Verfahrenseinstellung

25. Juni 2025Deutsch13 min

(nachfolgend: Beschuldigter) vertritt die Ehefrau des Beschwerdeführers als Geschädigte

Source bs.ch

Appellationsgericht

des Kantons Basel-Stadt

Einzelgericht

BES.2025.6

ENTSCHEID

vom 25.

Juni 2025

Mitwirkende

lic. iur. Marc Oser

und a.o.

Gerichtsschreiberin MLaw Lavinia Frei

Beteiligte

A____, geb. […]

Beschwerdeführer

[...]

vertreten durch Dr. iur. Nicolas Roulet,

Advokat,

Rebgasse 1, 4005 Basel

gegen

Staatsanwaltschaft Basel-Stadt

Beschwerdegegnerin

Binningerstrasse 21, 4001 Basel

B____

Beschwerdegegner

[...]

Beschuldigter

Gegenstand

Beschwerde gegen eine Verfügung

der Staatsanwaltschaft

vom 15. Januar 2025 (VT.[…])

betreffend Verfahrenseinstellung

Sachverhalt

Sachverhalt

Gegen A____

(nachfolgend: Beschwerdeführer) läuft im Kanton Basel-Landschaft aufgrund einer

Strafanzeige der von ihm getrennt lebenden Ehefrau eine Strafuntersuchung wegen

Tätlichkeiten, Drohung und Ungehorsam gegen amtliche Verfügungen. B____

(nachfolgend: Beschuldigter) vertritt die Ehefrau des Beschwerdeführers als Geschädigte

in diesem Verfahren.

Der

Beschwerdeführer und der Beschuldigte waren am 11. Juni 2022 bei der

gemeinsamen Bekannten, C____, in Basel zu einer Geburtstagsfeier eingeladen.

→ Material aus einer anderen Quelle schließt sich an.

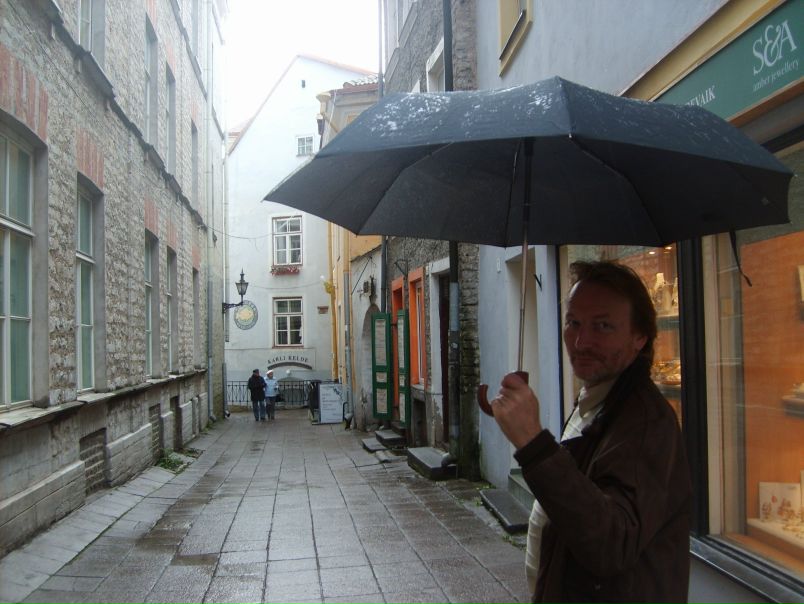 №40, Леонтий Эдель, 113 лет, Санкт-Петербург №40, Леонтий Эдель, 113 лет, Санкт-Петербург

In

der Strafanzeige vom 11. Juli 2022 wirft der Beschwerdeführer dem Beschuldigten

vor, dieser habe sich anlässlich besagter Feier gegenüber C____ sinngemäss wie

folgt geäussert: «Du weisst schon, dass es sich bei ihm [dem Beschwerdeführer]

um einen Schläger handelt. Ich habe ein Video von seiner Ehefrau gesehen.». Der

Beschwerdeführer stellte Strafantrag für sämtliche in Frage kommenden Delikte,

insbesondere wegen Verletzung des Berufsgeheimnisses und übler Nachrede. Mit

Nichtanhandnahme- und Einstellungsverfügung der Staatsanwaltschaft vom 8.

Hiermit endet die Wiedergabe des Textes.